Capital projects
Capital projects are the City's big, one-time investments: roads, water mains, parks, and buildings. The City keeps a rolling inventory of every project it has identified — not just the ones funded next year. This page sorts them into what's funded now, what's recently finished, and what's on the list but waiting for money.
The City maintains a rolling inventory of every capital project staff or Council have identified as a future need. The 16 projects below are in that inventory but have no dollars in the FY 2027–31 plan. That doesn't mean they were rejected — it means no money has been committed to them yet.
A project moves off this list one of two ways, and both run through the City Council. Either the City funds it itself— Council sets aside money in a future budget from the general fund, reserves, fees, or a bond — or an outside grant (state, federal, or regional) covers part or all of it, which Council still has to apply for and accept. Most large projects use a mix.
The budget public hearing on June 9 is where the Council weighs which of these get money in the next cycle. Public comment is open to anyone, or you can email city.council@menlopark.gov.

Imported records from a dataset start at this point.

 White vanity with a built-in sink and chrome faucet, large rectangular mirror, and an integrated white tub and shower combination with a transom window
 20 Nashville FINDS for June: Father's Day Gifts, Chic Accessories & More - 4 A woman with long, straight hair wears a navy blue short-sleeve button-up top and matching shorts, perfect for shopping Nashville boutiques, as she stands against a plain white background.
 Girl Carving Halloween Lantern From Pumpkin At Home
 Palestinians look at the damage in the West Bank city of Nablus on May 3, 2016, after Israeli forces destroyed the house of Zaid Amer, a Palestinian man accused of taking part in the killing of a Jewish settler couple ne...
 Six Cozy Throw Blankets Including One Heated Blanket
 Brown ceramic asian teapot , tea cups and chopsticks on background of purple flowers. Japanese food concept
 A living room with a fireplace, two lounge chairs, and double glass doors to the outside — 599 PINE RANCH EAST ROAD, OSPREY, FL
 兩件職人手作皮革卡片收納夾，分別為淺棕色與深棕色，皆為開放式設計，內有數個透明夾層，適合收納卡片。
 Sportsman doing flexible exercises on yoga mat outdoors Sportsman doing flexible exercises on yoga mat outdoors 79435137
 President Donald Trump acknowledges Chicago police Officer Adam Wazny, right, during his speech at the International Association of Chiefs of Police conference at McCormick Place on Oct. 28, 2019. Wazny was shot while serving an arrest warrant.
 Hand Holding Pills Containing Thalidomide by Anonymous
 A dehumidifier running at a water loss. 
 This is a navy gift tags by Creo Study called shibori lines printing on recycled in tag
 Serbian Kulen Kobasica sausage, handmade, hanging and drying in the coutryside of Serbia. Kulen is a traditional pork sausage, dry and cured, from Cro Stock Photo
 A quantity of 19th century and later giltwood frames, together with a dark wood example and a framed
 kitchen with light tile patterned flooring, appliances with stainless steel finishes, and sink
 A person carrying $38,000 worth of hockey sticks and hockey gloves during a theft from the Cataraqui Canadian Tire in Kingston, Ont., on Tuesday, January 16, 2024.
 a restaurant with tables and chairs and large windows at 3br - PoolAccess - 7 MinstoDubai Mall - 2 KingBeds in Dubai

Burgess Pool Building Renovation
Corporation Yard Needs Assessment
Downtown Parking Lot Study
Downtown Streetscape Improvement
Fire Plans and Equipment Replacement For City Buildings
Middlefield/Linfield-Santa Monica Avenue Crosswalk
Parking Plaza 7 Renovations
San Francisquito Creek Stabilization
San Francisquito Creek Upstream of 101 Flood Protection
Sand Hill Tunnel Rehabilitation
Santa Cruz Ave., Junipero Serra Blvd., and Sand Hill Rd. Bicycle and Pedestrian Access
Sea Level Rise Resiliency Plan
Smart Irrigation Infrastructure Project
Trash Capture Device Install
Utility Undergrounding
Water Storage Reservoir and Pumps
›Show source
Projects come from the City's adopted FY 2027–31 Capital Improvement Program. Each project is sorted by comparing its planned five-year spending against its actual spending in prior years: projects with money in the five-year plan are “funded,” projects with significant past spending but none planned ahead are “completed” or “wrapping up,” and projects with neither are listed as identified-but-not-currently-funded. The funding gap, where shown, is the City's latest cost estimate minus all funding that has not been lost. No numbers are estimated.